TAIPEI (Taiwan News) — While Hong Kong saw a historic turnout of two million protesters flooding into the streets on Sunday afternoon to signal their disapproval of the extradition bill amendments, many Hong Kong and Taiwan students rallied outside Taiwan’s Legislative Yuan in Taipei to voice their support.
“As a Hong Konger I should protect Hong Kong and tell Taiwanese people that it is necessary to oppose the extradition bill,” said a college student from Hong Kong, surnamed Nip.
The amendments to the extradition bill, proposed by the Hong Kong government in February, will allow criminal suspects in Hong Kong to be extradited to China for trial.
Even so, Nip, like many other Hong Kongers, has no faith in China’s legal and judicial system. People tried in China cannot enjoy the protection of human rights and rule of law, he said.
Furthermore, critics worry the bill could be used against political dissidents, or those whom Beijing does not agree with.
Sunday’s rally in Taipei came the day after Hong Kong Chief Executive Carrie Lam announced that extradition legislation would be delayed indefinitely. However, the people of Hong Kong appeared not to be appeased by Lam’s concession.
They were angered that Lam continued to defend the extradition bill and justify the riot police’s violence against protesters and journalists during the demonstrations on June 12.
Demonstrators in Hong Kong and Taipei on Sunday, therefore, not only demanded the withdrawal of the extradition bill, they also called on Lam to step down.
“Lam is no longer fit to be a chief executive,” said Nip. Lam described her government’s handling of the protests as a “mother” refusing to spoil her children, but a mother should never treat her children with violence, he added.
Having lived in Taiwan for nearly one year, Nip was dismayed to learn that some of the island’s China-friendly politicians did not speak out about the protests in Hong Kong – such as Kuomintang (KMT) Kaohsiung Mayor and presidential hopeful Han Kuo-yu (韓國瑜).
“It’s outrageous” that he said he had “no idea” and “no clue” about what happened in Hong Kong when the news was everywhere, said Nip. Han’s lack of concern on June 9 as one million Hong Kongers took to the streets to protest against the extradition bill drew widespread criticism.
The next day, Han said via a statement he looked forward to seeing the Hong Kong government make a decision that would address the concerns of its people.
Nip’s anger was shared by a Taiwan high school student, surnamed Mu, who traveled with two other classmates from Taoyuan City to take part in the rally.
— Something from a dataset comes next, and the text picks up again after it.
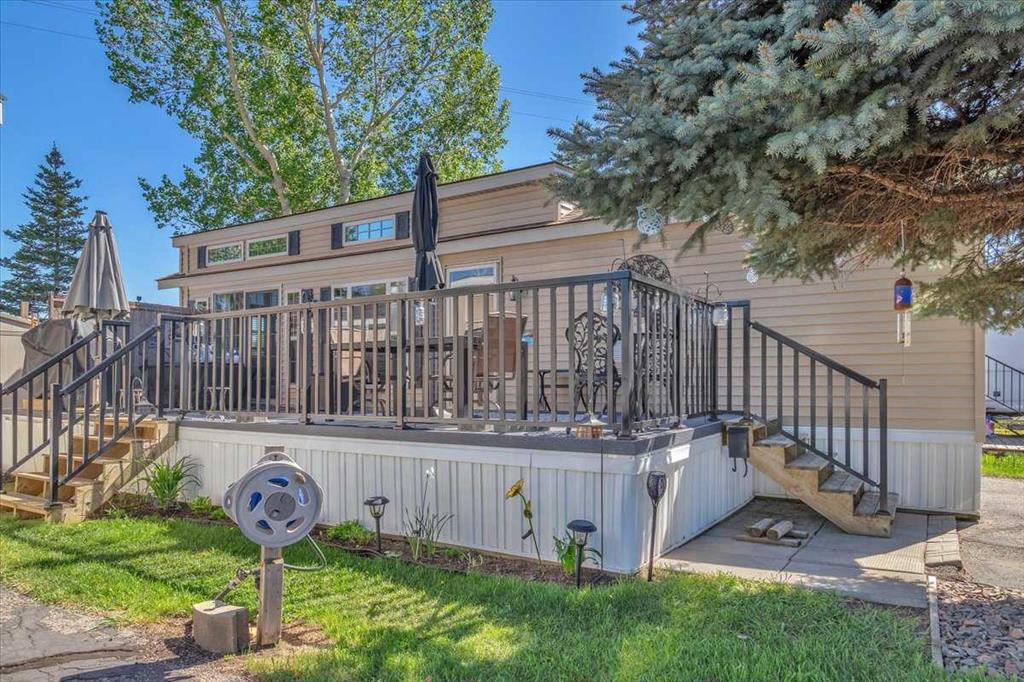 Picture for 10, 370165 79 Street E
A presidential candidate should not dodge the question, they ought to clearly express their stance over Hong Kong’s extradition bill, said Mu, despite not being old enough to vote.
The extradition bill will also affect the rights of Taiwanese people, who can be extradited to China when visiting Hong Kong, said Mu. The Hong Kong government should properly respond to the opinions of its people, he said.